There are times when Glasgow's City Halls feels simply too intimate and cosy for the enormous ambitions and sheer scale of the BBC Scottish Symphony Orchestra's performances. This monumental concert under Russian conductor Alexander Vedernikov was a case in point: two mammoth Russian works, shatteringly loud at times '“ but raw volume wasn't really the issue. Rather, it was the music's visionary power and visceral impact that made the evening feel so overwhelming, especially in City Halls' space.
Denis KozhukhinDenis Kozhukhin
Denis Kozhukhin

BBC SSO & Denis Kozhukhin, City Halls, Glasgow ****

Pianist Denis Kozhukhin has been a regular and much-admired visitor to the BBC SSO, and his account of Tchaikovsky’s well-loved First Piano Concerto was big-boned, urgent, sometimes rather breathless, but so mighty as to sweep aside any concerns.

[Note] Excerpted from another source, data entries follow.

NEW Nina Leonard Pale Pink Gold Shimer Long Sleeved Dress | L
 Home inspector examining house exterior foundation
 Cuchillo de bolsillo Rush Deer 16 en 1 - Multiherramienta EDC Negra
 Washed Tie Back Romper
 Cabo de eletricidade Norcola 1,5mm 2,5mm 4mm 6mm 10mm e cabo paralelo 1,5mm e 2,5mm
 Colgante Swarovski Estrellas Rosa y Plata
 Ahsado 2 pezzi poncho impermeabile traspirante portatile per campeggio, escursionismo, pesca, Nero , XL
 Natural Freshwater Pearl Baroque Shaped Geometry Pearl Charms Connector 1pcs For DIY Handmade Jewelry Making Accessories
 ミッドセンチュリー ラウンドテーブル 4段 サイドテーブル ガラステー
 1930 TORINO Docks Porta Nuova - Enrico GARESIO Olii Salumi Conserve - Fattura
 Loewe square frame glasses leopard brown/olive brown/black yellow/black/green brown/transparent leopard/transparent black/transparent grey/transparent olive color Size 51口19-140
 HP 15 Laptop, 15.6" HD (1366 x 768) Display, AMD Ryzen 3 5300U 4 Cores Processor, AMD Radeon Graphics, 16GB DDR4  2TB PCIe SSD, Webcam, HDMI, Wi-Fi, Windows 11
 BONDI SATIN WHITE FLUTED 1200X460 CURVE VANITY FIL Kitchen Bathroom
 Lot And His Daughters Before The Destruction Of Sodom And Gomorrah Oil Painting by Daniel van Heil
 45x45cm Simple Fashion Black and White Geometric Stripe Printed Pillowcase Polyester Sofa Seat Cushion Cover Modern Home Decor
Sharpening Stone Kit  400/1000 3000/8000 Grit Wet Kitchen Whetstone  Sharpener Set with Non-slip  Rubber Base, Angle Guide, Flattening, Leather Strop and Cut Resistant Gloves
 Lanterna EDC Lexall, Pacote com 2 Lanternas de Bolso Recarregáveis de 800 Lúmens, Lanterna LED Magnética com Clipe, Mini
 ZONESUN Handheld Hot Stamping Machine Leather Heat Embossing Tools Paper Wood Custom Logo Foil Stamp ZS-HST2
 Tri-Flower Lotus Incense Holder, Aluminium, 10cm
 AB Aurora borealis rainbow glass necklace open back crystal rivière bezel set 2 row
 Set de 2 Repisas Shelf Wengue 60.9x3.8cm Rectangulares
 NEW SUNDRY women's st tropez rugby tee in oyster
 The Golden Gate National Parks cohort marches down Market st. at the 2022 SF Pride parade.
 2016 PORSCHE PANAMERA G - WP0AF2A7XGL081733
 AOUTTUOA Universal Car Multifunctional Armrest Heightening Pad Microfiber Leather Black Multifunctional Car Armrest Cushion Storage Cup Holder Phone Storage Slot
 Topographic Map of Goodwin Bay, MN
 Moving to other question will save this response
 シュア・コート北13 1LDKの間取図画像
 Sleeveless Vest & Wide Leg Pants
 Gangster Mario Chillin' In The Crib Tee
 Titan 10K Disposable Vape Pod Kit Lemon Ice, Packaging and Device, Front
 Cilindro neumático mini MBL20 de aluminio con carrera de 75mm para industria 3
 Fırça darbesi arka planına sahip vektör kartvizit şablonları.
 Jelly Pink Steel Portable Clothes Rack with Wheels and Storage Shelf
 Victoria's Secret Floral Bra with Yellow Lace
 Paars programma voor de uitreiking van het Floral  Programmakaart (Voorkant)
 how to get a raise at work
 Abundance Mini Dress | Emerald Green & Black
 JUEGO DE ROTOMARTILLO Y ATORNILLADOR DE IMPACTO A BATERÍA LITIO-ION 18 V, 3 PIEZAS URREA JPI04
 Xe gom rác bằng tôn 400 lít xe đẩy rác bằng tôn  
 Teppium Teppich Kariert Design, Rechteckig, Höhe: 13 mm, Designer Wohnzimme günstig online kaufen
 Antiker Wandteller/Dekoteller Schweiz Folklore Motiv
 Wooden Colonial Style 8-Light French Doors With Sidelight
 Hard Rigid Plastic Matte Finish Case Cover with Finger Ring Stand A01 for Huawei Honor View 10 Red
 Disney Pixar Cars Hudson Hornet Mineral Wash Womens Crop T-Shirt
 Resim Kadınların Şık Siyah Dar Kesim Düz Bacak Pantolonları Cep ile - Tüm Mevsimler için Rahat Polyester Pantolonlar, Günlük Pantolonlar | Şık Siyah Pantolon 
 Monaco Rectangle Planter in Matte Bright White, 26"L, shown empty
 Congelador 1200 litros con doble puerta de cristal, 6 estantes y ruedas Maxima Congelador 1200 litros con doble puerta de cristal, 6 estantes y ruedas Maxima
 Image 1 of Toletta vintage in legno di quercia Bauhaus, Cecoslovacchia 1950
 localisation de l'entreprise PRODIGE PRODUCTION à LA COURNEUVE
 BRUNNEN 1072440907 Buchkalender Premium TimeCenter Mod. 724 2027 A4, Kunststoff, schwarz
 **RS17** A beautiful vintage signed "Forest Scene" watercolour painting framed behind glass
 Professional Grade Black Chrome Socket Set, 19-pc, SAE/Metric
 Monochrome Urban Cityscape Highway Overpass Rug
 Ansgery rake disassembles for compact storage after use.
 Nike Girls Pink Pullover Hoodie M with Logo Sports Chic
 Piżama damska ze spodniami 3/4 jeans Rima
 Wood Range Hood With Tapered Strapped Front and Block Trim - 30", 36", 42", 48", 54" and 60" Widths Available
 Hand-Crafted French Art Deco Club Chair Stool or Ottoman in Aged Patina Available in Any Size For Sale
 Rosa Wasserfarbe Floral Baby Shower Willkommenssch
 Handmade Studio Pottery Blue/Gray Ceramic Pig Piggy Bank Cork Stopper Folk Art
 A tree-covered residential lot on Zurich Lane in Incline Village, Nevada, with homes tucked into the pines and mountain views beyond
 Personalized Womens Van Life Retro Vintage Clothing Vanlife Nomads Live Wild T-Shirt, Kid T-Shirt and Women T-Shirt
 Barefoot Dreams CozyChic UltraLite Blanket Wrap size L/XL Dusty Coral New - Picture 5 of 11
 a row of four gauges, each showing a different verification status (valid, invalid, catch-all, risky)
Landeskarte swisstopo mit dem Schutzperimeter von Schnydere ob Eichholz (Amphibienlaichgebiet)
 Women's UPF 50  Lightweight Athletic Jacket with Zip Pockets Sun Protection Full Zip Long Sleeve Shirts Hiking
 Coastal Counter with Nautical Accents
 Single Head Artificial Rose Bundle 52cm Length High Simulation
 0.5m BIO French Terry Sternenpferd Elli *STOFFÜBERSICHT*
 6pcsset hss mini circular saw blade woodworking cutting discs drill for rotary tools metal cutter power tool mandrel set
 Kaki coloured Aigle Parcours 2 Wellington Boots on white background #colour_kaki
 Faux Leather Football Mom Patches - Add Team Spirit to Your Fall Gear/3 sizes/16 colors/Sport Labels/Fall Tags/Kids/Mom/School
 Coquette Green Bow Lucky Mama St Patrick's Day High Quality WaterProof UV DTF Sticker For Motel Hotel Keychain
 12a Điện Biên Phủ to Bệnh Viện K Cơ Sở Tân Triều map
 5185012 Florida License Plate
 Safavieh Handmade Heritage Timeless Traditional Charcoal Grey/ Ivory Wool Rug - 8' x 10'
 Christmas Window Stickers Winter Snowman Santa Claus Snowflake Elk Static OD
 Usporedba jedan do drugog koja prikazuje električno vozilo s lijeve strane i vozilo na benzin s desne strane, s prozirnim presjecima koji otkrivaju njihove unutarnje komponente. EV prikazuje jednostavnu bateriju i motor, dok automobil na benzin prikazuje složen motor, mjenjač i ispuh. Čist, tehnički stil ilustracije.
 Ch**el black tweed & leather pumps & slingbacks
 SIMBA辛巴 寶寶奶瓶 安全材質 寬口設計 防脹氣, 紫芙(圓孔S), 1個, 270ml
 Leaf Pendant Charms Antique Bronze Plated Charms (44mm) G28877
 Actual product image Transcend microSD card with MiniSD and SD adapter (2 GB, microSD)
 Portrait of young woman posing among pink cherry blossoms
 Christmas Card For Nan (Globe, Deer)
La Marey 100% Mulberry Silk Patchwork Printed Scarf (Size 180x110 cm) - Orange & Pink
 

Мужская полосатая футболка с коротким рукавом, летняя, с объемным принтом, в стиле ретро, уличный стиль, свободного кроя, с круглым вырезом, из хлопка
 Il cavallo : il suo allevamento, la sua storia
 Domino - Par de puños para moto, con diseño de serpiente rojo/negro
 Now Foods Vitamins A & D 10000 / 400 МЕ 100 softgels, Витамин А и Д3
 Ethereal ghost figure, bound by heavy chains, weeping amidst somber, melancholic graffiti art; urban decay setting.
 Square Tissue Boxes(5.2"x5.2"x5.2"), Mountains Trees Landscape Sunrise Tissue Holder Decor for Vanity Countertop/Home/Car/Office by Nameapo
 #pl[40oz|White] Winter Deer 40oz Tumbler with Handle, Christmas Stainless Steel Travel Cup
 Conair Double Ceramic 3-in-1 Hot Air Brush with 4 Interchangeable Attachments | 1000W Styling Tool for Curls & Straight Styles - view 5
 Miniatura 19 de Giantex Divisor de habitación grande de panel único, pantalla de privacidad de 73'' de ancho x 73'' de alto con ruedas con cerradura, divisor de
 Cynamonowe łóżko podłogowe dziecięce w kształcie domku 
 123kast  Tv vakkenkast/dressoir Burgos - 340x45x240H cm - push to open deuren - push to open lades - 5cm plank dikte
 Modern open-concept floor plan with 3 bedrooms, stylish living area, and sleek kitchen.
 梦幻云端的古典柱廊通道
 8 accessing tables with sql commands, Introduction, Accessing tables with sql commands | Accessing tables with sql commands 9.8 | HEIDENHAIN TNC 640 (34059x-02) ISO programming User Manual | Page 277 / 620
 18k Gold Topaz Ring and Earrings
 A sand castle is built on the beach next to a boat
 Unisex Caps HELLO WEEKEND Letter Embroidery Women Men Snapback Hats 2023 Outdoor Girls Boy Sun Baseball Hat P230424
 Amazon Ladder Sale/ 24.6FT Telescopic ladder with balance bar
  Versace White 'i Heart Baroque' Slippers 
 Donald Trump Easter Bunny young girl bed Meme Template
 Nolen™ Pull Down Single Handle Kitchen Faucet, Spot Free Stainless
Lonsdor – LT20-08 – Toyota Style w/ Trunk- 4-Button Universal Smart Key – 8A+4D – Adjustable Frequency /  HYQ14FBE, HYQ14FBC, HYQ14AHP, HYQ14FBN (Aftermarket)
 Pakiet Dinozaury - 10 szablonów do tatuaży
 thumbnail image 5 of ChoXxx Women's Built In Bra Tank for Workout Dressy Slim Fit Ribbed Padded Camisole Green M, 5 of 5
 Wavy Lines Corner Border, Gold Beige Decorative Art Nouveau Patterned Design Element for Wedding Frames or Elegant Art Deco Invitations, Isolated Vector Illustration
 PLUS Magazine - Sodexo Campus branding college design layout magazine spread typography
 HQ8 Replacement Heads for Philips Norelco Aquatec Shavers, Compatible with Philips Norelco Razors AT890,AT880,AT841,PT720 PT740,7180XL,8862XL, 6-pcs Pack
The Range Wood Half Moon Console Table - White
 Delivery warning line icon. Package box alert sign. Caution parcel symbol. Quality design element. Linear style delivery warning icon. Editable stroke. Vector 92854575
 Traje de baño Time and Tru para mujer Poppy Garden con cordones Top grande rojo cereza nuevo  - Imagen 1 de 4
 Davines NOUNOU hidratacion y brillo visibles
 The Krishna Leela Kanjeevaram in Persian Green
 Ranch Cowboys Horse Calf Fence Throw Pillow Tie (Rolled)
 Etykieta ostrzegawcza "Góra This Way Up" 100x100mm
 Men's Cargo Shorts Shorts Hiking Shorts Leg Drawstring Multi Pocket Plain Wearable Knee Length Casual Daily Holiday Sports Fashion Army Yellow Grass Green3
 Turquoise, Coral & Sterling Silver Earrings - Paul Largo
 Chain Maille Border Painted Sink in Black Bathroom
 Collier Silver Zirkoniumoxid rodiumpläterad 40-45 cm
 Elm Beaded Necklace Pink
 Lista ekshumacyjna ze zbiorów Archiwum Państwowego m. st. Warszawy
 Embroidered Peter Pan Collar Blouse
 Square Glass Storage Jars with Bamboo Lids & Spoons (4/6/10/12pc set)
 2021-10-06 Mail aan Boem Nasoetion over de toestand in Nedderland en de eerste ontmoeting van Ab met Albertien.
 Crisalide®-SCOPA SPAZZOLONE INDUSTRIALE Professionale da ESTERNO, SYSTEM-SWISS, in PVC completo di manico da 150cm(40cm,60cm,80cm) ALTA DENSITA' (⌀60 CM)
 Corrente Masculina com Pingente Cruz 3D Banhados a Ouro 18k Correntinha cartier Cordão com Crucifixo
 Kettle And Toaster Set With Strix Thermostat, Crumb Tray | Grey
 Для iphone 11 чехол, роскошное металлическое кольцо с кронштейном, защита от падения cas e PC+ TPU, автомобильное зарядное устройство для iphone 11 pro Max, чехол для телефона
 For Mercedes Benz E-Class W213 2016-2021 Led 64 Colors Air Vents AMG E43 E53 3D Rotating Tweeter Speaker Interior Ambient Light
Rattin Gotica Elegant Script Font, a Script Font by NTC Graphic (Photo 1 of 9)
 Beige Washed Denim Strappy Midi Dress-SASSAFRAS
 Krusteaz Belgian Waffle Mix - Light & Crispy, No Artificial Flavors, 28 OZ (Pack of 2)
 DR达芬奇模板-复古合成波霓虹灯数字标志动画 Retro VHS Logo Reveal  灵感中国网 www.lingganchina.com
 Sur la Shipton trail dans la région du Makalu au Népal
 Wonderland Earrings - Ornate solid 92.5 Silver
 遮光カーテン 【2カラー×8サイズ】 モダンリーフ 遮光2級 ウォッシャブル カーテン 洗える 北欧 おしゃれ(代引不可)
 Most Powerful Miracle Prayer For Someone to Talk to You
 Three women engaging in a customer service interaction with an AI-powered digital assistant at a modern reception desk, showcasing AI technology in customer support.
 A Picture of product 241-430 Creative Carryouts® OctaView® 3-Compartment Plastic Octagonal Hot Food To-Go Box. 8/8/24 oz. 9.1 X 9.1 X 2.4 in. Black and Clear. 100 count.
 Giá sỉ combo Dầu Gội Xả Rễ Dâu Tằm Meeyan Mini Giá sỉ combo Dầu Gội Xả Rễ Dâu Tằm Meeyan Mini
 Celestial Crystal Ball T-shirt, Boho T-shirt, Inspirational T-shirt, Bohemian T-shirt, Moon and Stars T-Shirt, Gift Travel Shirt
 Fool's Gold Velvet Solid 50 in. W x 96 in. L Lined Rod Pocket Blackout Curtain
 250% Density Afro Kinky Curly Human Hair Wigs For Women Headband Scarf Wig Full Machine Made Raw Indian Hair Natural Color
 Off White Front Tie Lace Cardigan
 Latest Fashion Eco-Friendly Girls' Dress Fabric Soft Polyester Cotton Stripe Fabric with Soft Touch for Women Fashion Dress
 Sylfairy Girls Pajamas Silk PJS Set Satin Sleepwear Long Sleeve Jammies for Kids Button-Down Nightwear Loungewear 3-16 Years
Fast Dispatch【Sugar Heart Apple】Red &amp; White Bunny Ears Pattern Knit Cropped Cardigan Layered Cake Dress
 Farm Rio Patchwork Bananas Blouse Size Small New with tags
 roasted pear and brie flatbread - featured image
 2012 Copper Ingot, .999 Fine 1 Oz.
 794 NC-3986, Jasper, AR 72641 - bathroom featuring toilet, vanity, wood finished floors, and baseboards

He tackled the work’s relentless virtuosity with what felt like elegant choreography, and a fair bit of rhythmic freedom too. But there was a steely determination to his playing, matched brilliantly in the Orchestra’s forthright, sharply defined playing.

The SSO players were on remarkably focused form – as well as maintaining an astonshing sustained intensity – in Shostakovich’s Symphony No. 11, an enigmatic musical depiction of the failed 1905 Russian uprising, unapologetically serious-minded in Vedernikov’s powerful account.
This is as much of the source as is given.